Input for this task —
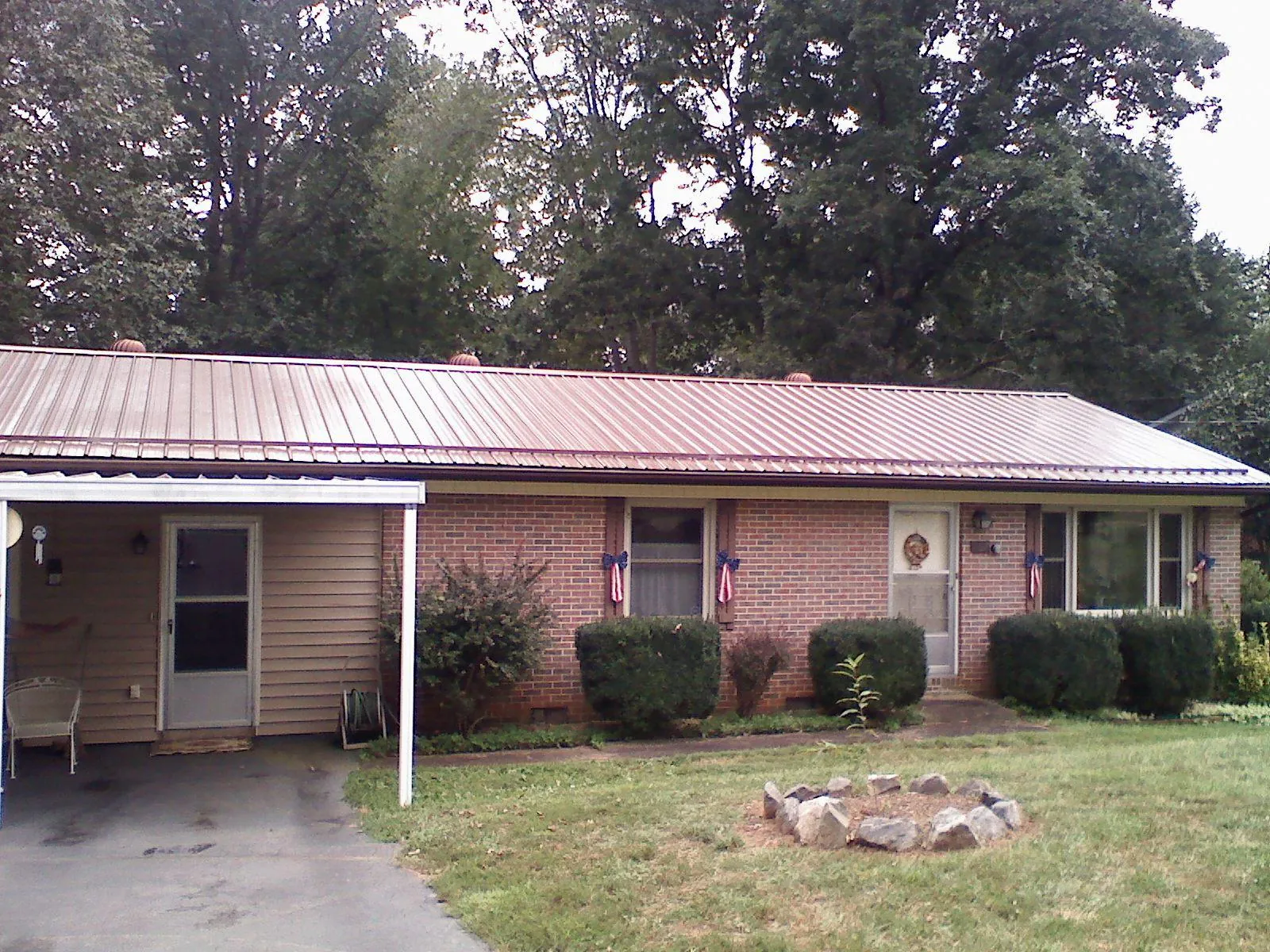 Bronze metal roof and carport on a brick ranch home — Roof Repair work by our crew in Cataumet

---

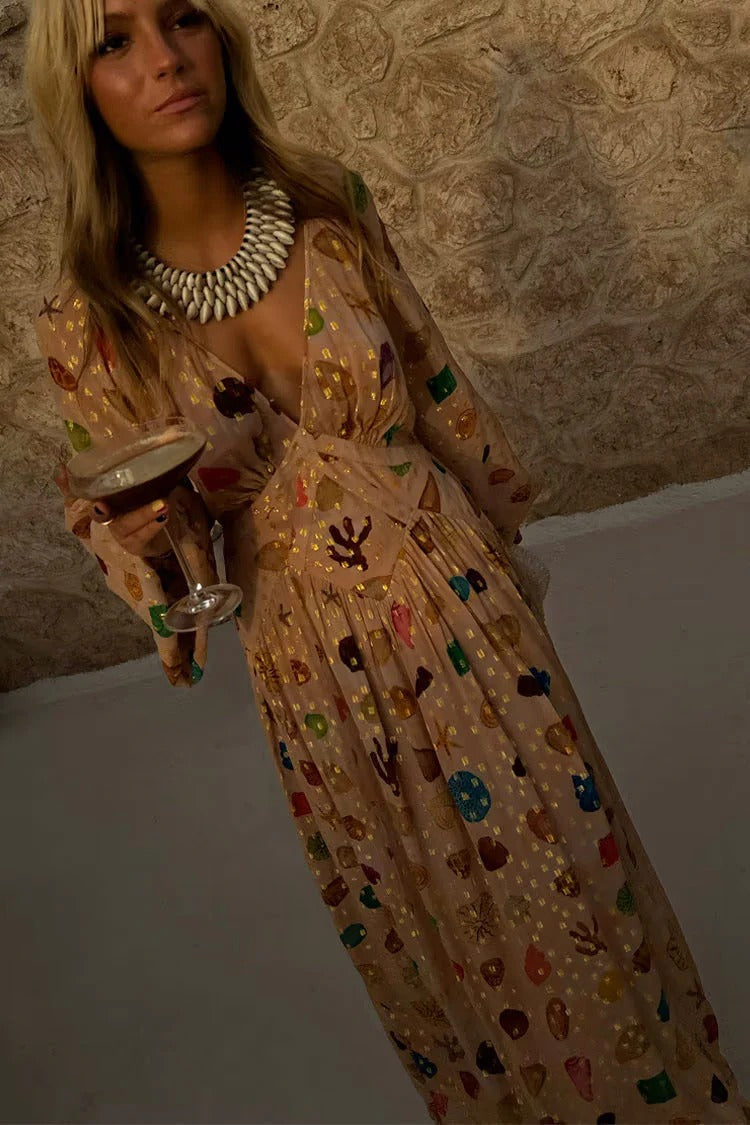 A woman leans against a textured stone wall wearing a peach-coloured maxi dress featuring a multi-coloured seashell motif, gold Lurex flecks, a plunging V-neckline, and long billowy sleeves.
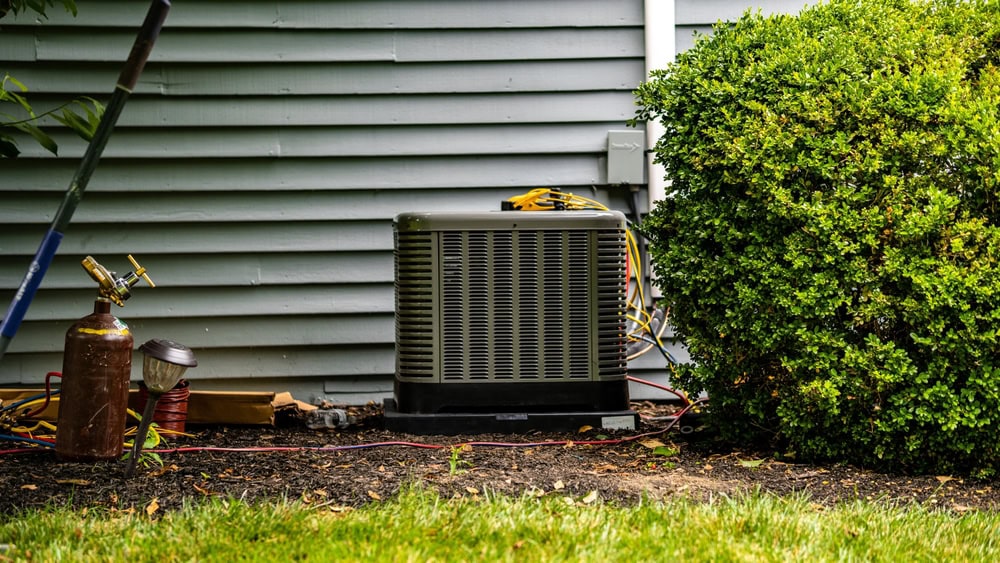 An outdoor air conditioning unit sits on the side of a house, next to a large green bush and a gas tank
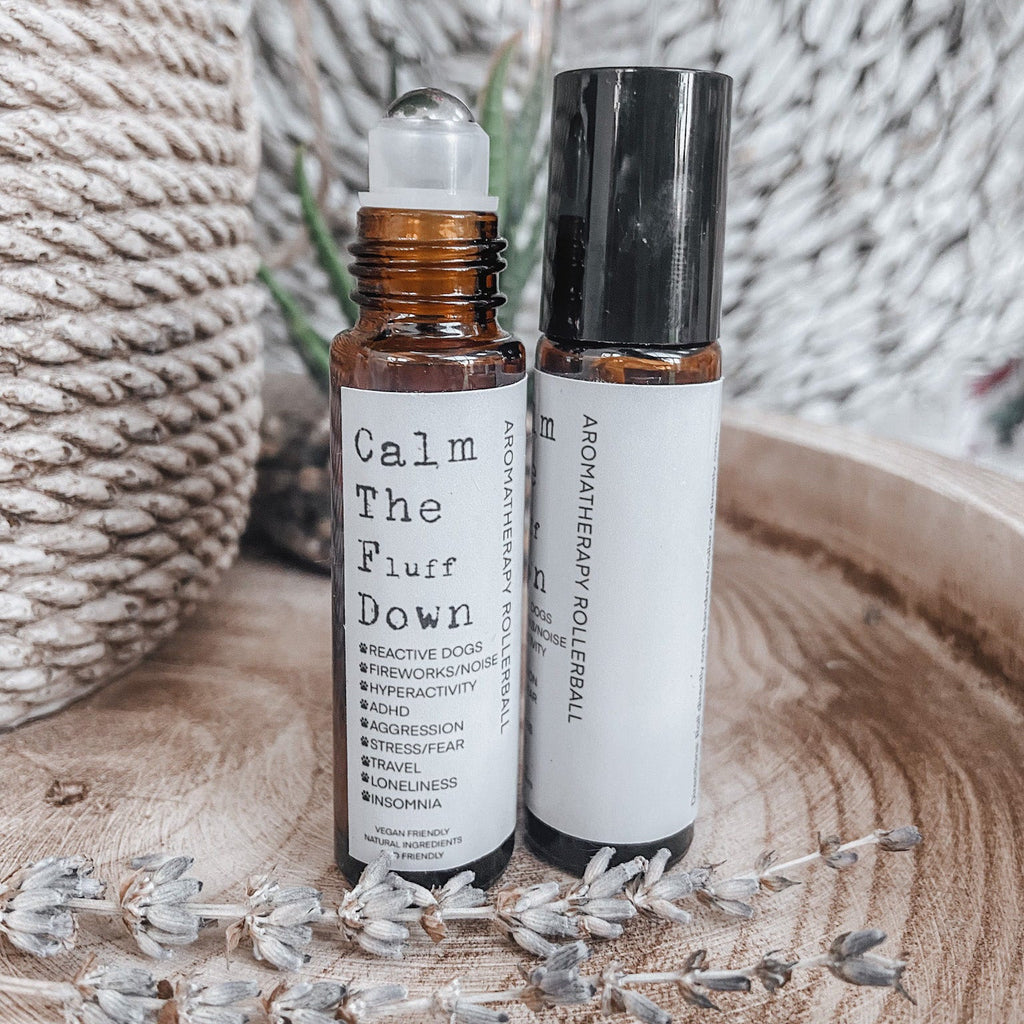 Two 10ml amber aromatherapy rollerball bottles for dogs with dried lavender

...

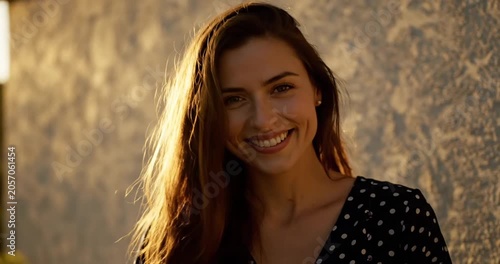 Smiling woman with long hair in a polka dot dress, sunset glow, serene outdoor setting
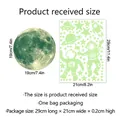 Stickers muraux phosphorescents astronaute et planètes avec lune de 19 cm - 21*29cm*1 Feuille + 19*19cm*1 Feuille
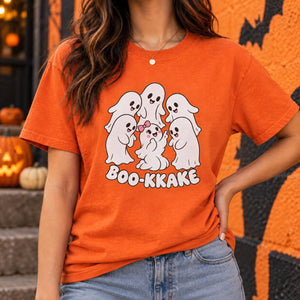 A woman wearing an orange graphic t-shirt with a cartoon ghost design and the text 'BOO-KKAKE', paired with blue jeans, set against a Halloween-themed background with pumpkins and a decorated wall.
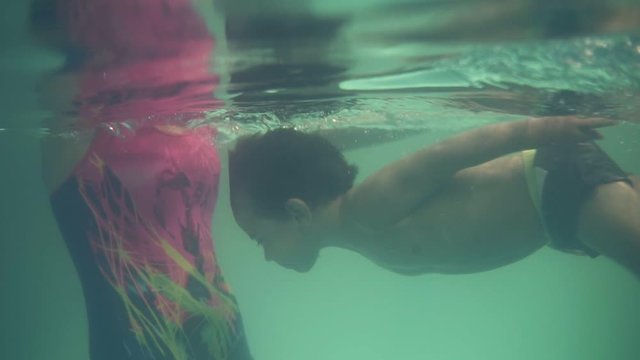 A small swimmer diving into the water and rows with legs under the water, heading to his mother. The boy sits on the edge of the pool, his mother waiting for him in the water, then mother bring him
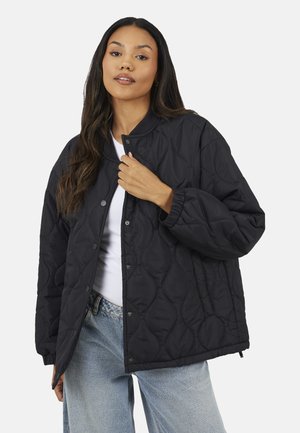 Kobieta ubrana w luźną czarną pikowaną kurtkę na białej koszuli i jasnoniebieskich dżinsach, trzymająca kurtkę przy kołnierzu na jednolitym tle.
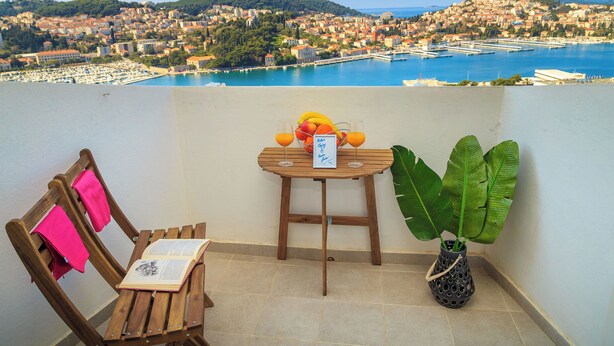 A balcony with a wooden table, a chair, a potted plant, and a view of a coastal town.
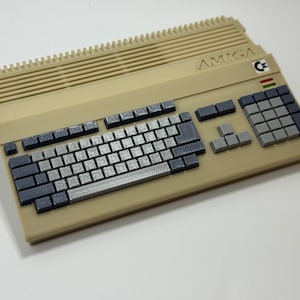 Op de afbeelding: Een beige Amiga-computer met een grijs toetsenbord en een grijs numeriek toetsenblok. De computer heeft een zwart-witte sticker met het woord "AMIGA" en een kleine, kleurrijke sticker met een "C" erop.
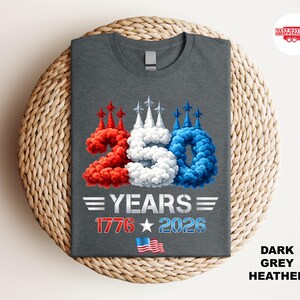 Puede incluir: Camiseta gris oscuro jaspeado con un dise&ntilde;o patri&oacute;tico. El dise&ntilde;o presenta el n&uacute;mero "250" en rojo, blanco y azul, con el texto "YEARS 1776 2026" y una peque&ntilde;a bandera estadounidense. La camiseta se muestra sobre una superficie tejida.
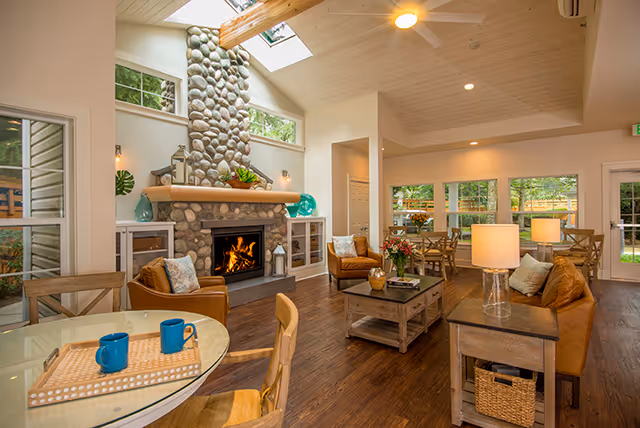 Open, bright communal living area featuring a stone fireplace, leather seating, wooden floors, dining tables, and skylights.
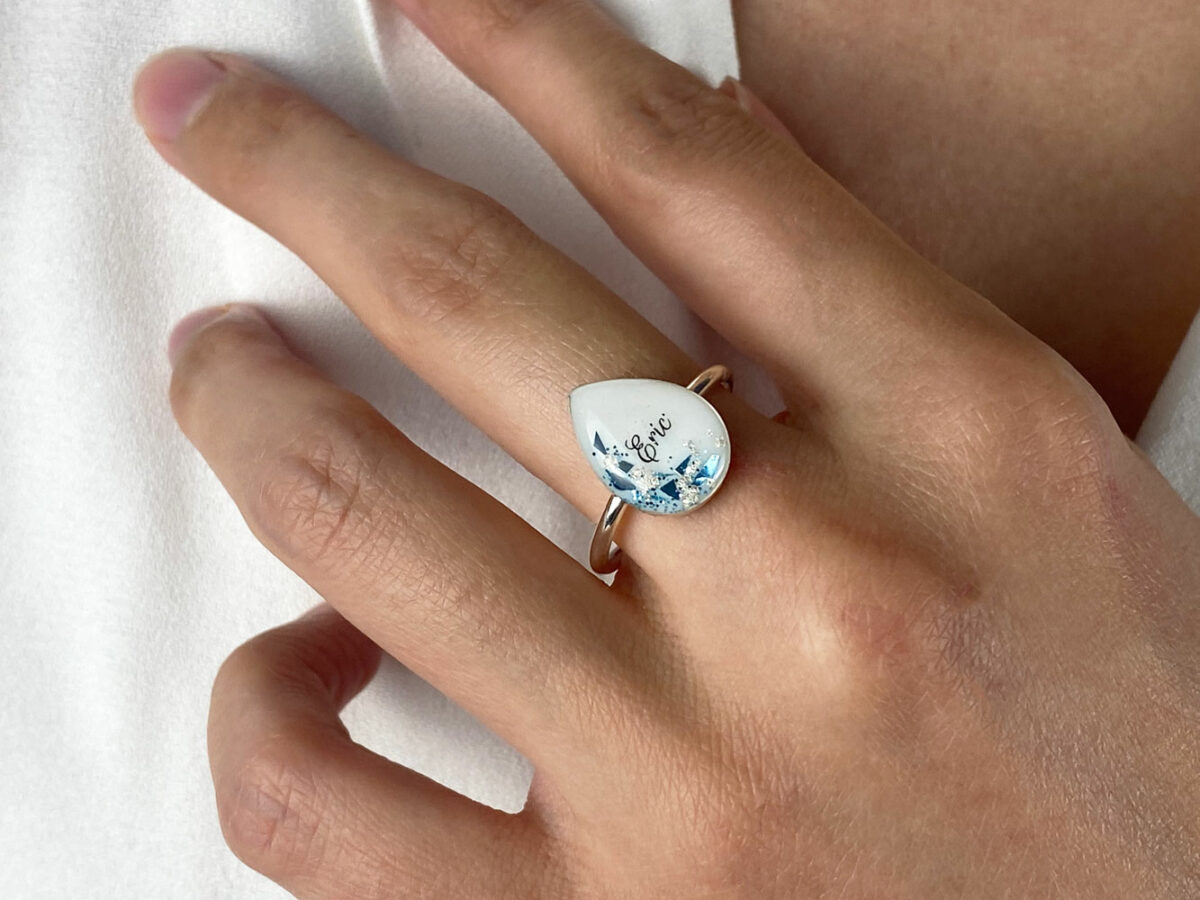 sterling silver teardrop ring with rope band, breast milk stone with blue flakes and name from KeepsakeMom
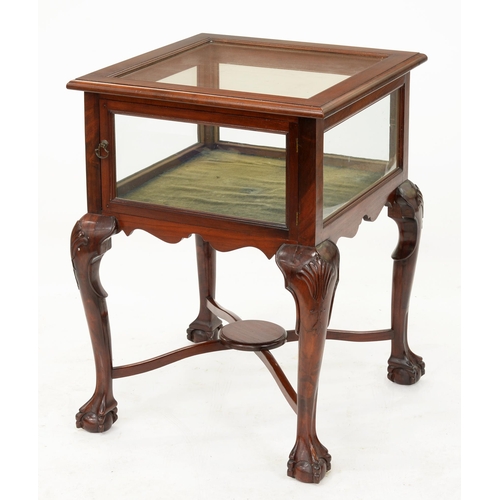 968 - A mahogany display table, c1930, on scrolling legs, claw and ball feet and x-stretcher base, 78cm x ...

Task goal — Look above for the line containing "A small swimmer", then write out every line from there down to the line containing "968 - A mahogany", that line included, with no pictures.

Output of the task —
 A small swimmer diving into the water and rows with legs under the water, heading to his mother. The boy sits on the edge of the pool, his mother waiting for him in the water, then mother bring him
 Kobieta ubrana w luźną czarną pikowaną kurtkę na białej koszuli i jasnoniebieskich dżinsach, trzymająca kurtkę przy kołnierzu na jednolitym tle.
 A balcony with a wooden table, a chair, a potted plant, and a view of a coastal town.
 Op de afbeelding: Een beige Amiga-computer met een grijs toetsenbord en een grijs numeriek toetsenblok. De computer heeft een zwart-witte sticker met het woord "AMIGA" en een kleine, kleurrijke sticker met een "C" erop.
 Puede incluir: Camiseta gris oscuro jaspeado con un dise&ntilde;o patri&oacute;tico. El dise&ntilde;o presenta el n&uacute;mero "250" en rojo, blanco y azul, con el texto "YEARS 1776 2026" y una peque&ntilde;a bandera estadounidense. La camiseta se muestra sobre una superficie tejida.
 Open, bright communal living area featuring a stone fireplace, leather seating, wooden floors, dining tables, and skylights.
 sterling silver teardrop ring with rope band, breast milk stone with blue flakes and name from KeepsakeMom
 968 - A mahogany display table, c1930, on scrolling legs, claw and ball feet and x-stretcher base, 78cm x ...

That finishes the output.